Democratic presidential candidate Al Gore has railed against a proposal by Republican candidate George W. Bush to reduce taxes saying it would benefit only the top one percent of income earners. Writing in the New York Times, however, Virginia Postrel points out that high marginal tax rates at higher income levels encourage married professional women to reduce the number of hours they work, which has strong affects their future promotion potential, or to quit the workforce altogether.
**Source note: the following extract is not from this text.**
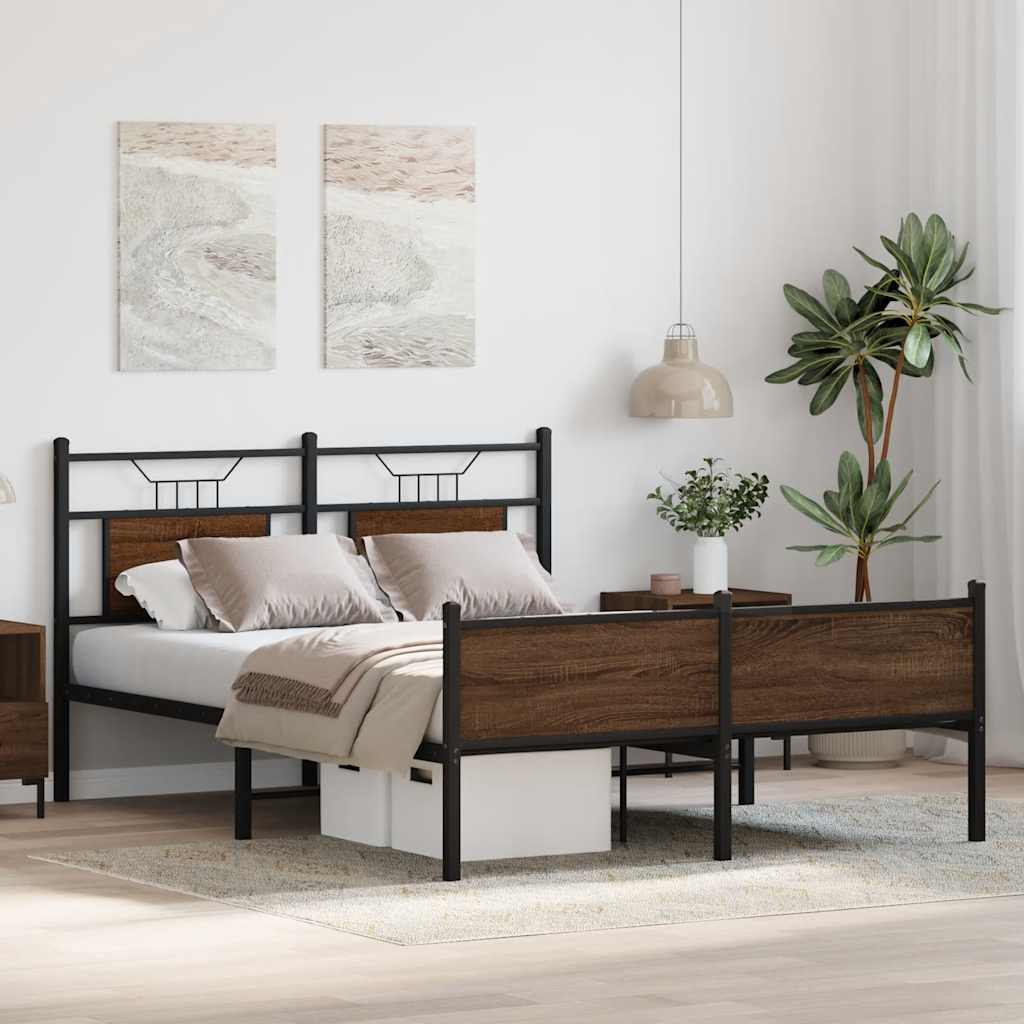 Giroletto senza Materasso Rovere Marrone 140x190 cm Truciolato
Feminists typically complain that there aren’t enough women at the upper echelons of corporations. While women are more and more represented at mid-level management, they claim, there are not enough women breaking through the “glass ceiling” into executive level positions. As Postrel points out, though, married professional women get screwed by the high marginal taxes if they get promoted too high. Since women are more likely than men to consider not working outside the home, if a woman’s income pushes her family’s income into a higher tax break, there is an economic incentive there not to work.

But does this actually make a difference in the real world? Yes. Postrel cites a 1995 study by University of California at Berkeley economist Nada Eissa on the Tax Reform Act of 1986 which, among other things, reduced the highest tax rate from 50 percent to 28 percent. The result, the percentage of married women in the highest tax bracket who worked outside the home jumped from 46 percent to 55 percent, and those who had jobs increased the number of hours they worked by 13 percent. Looking at women in the 75th percentile, who didn’t receive as dramatic a tax cut, the percentage of married women who worked increased by only 7 percent and the number of hours they worked increased by only 9 percent. As Eissa told Postrel, “There is a relationship between taxes and labor-force participation.”

Eissa found similar results when looking at the effects of the earned income tax credit which provides an economic incentive for poor families not too raise their incomes to high since it applies a de facto 21 percent marginal tax rate on all income above about $12,000 for a family of four. Women in that situation were 5 percent less likely to work outside the home if they were in a position where working would bump their family income above that level.

As Postrel notes, however, this is a topic that neither liberal or conservatives want to raise,

Democrats don’t want to admit that the soak-the-rich taxation wallops working wives, lest they split feminists and redistributionists. And Republicans don’t want to admit that cutting taxes will lead more married women to get jobs, lest they split economic libertarians and social conservatives. So everyone stays mum.

But the empirical evidence is pretty clear. Tax rates are a feminist issue.

Personally I tend to think the liberal feminists are the biggest hypocrites here, as they seem committed to maintaining that a professional woman has the right to decide whether or not to terminate a pregnancy but then is too stupid or too mean spirited to control her own finances, but instead must hand much of it over to the government which presumably knows better than she does. Much of the pro-choice movement has little use for truly giving women (much less men) the ability to make wide ranges of choices over their lives, turning incredibly statist once anything besides the narrow issue of abortion is put on the table.

Source:

Tax System Discourages Married Women from Working. Virginia Postrel, The New York Times, November 2, 2000.